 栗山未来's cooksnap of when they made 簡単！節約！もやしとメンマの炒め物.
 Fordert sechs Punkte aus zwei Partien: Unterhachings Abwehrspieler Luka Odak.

...

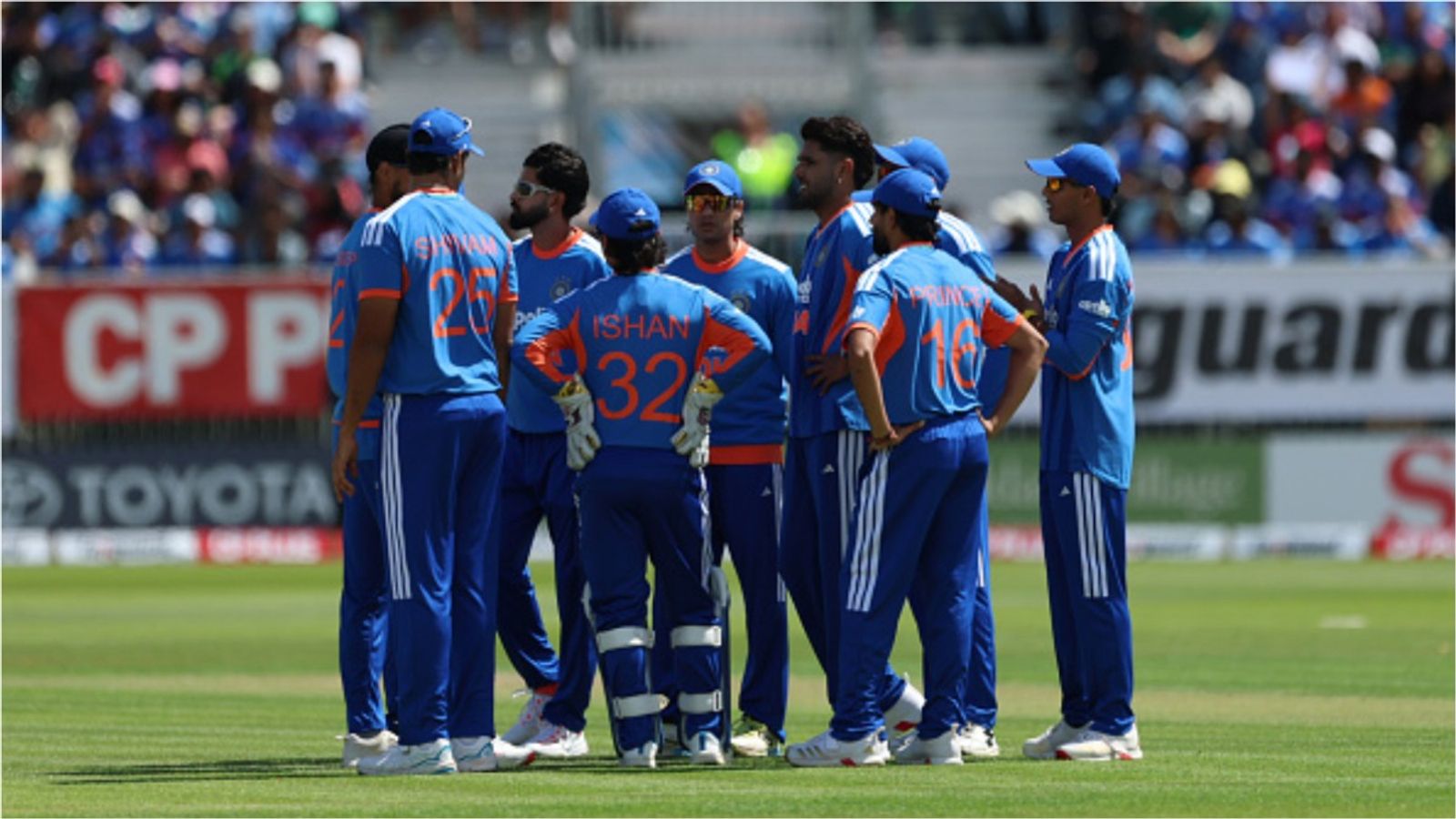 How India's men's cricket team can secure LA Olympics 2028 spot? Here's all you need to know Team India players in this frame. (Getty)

--

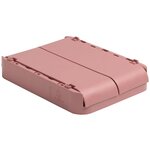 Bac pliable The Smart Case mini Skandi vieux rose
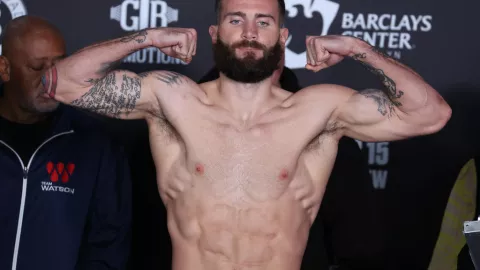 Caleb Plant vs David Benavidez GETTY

▶ [Requirement]
Only the lines above from the one with "栗山未来's cooksnap of" up to and including the one with "Fordert sechs Punkte" should be repeated, exactly as written.

▶ [Your solution]
 栗山未来's cooksnap of when they made 簡単！節約！もやしとメンマの炒め物.
 Fordert sechs Punkte aus zwei Partien: Unterhachings Abwehrspieler Luka Odak.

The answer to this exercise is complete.